From the line holding "4357 Skusa Drive Genoa Township MI 48116" through the line holding "Tesla Model Y — Фото автомобиля 11" below, write out every line exactly; include both of those lines and drop the pictures.

● **RECORDS SUPPLIED**
____________

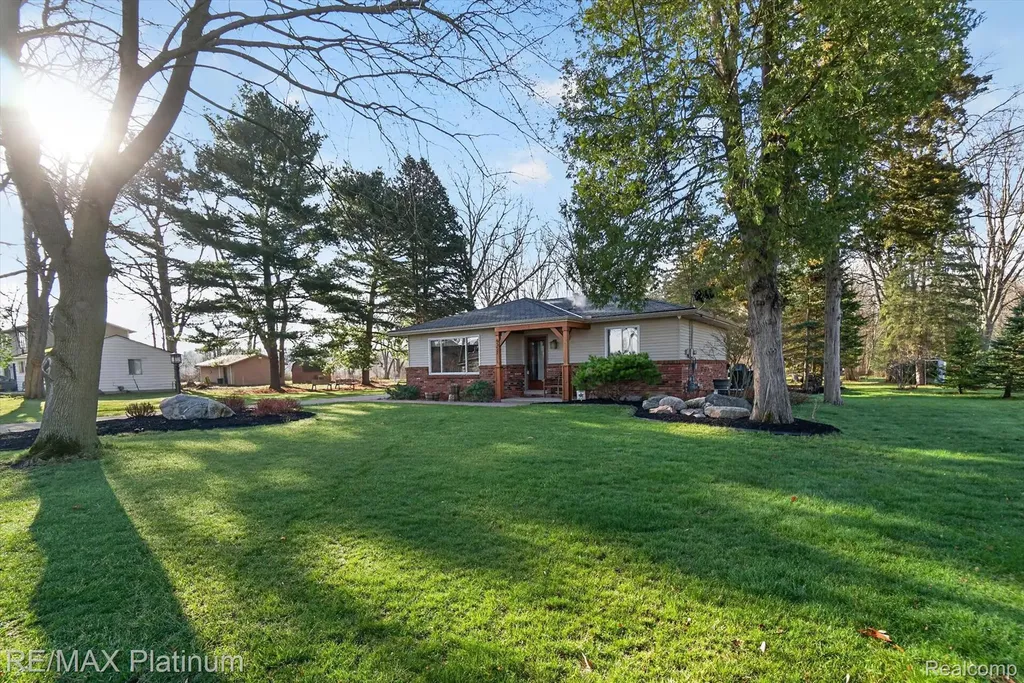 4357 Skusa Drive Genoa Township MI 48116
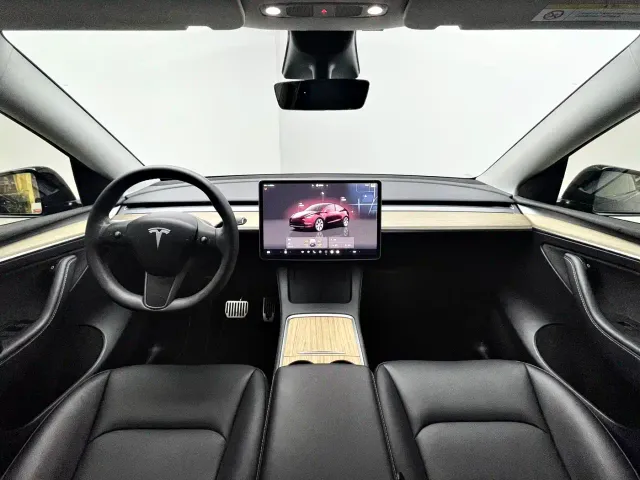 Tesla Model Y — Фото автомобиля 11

____________

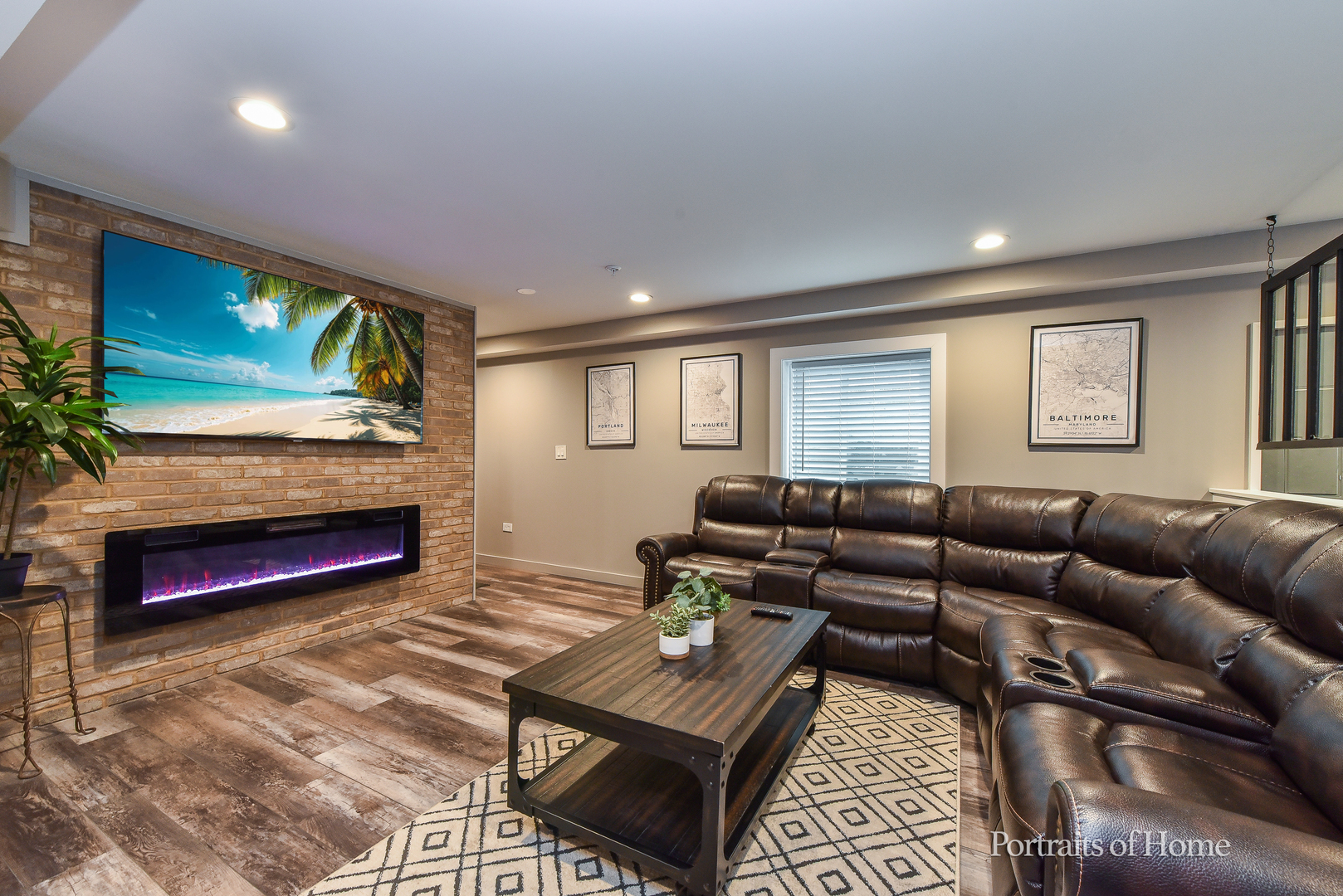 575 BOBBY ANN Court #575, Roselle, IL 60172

____________

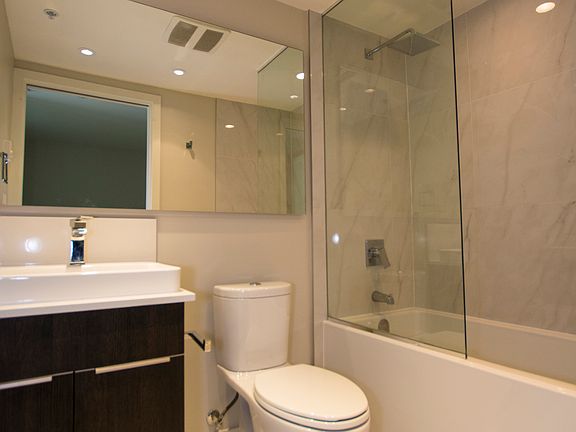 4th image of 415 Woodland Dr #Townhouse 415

____________

● **EXPECTED ANSWER**
 4357 Skusa Drive Genoa Township MI 48116
 Tesla Model Y — Фото автомобиля 11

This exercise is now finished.